Return every entry exactly as written, with the pictures removed.
#### Supplied data ####
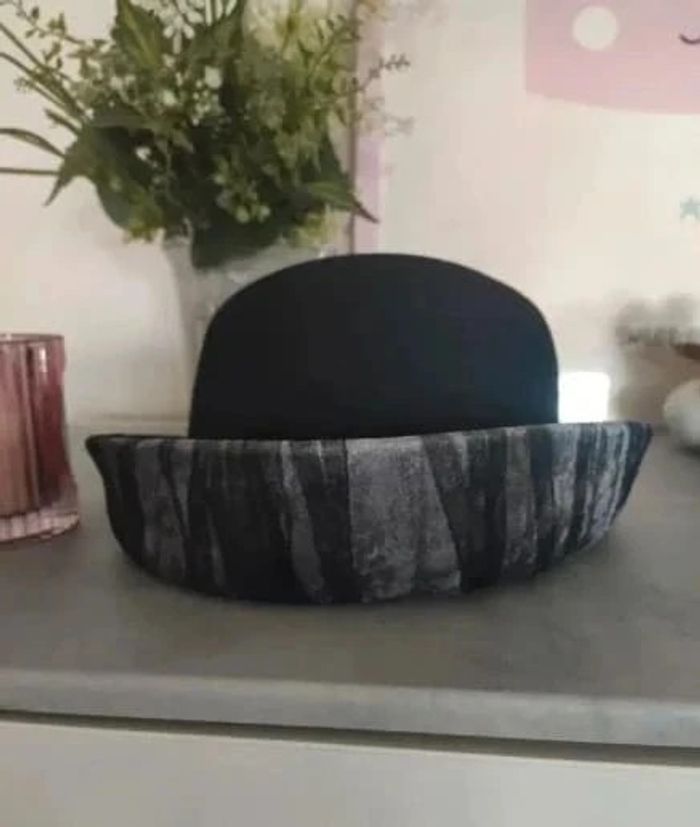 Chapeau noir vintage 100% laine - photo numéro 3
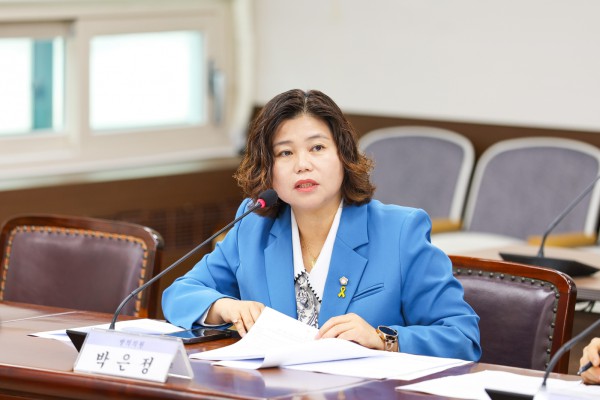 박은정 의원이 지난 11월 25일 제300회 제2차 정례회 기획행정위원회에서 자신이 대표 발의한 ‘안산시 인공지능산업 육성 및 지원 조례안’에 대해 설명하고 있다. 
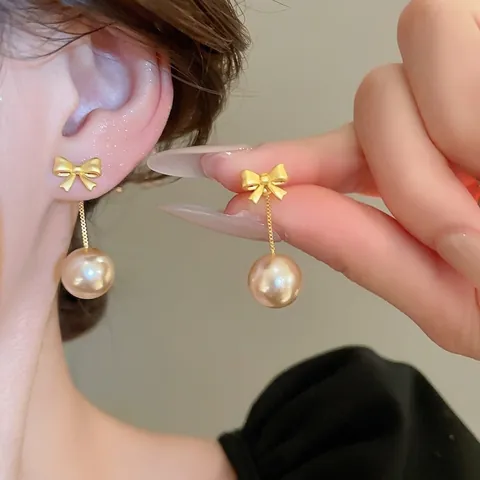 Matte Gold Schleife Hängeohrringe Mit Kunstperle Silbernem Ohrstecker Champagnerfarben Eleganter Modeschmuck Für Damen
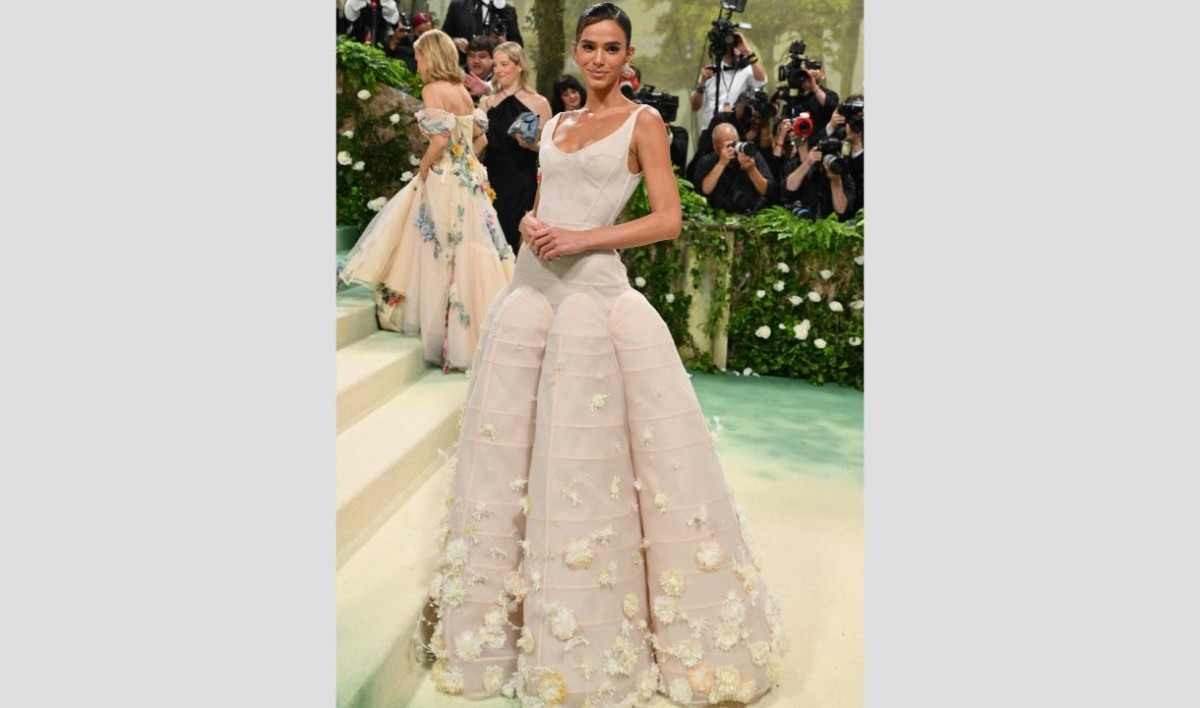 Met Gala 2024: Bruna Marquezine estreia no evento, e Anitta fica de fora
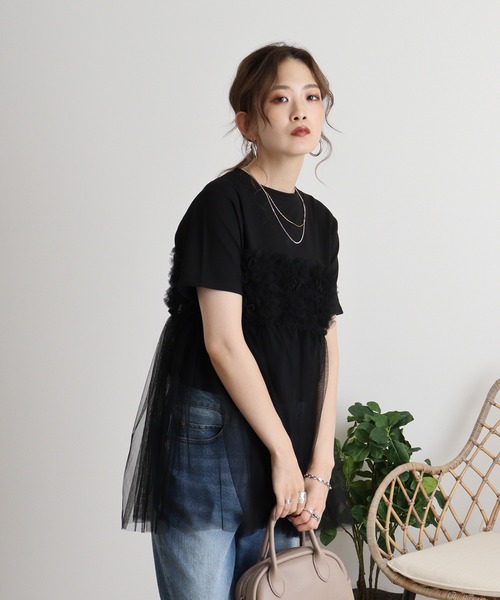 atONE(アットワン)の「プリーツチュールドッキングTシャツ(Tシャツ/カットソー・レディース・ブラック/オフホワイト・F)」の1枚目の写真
####
■ Solution to the problem ■
 Chapeau noir vintage 100% laine - photo numéro 3
 박은정 의원이 지난 11월 25일 제300회 제2차 정례회 기획행정위원회에서 자신이 대표 발의한 ‘안산시 인공지능산업 육성 및 지원 조례안’에 대해 설명하고 있다. 
 Matte Gold Schleife Hängeohrringe Mit Kunstperle Silbernem Ohrstecker Champagnerfarben Eleganter Modeschmuck Für Damen
 Met Gala 2024: Bruna Marquezine estreia no evento, e Anitta fica de fora
 atONE(アットワン)の「プリーツチュールドッキングTシャツ(Tシャツ/カットソー・レディース・ブラック/オフホワイト・F)」の1枚目の写真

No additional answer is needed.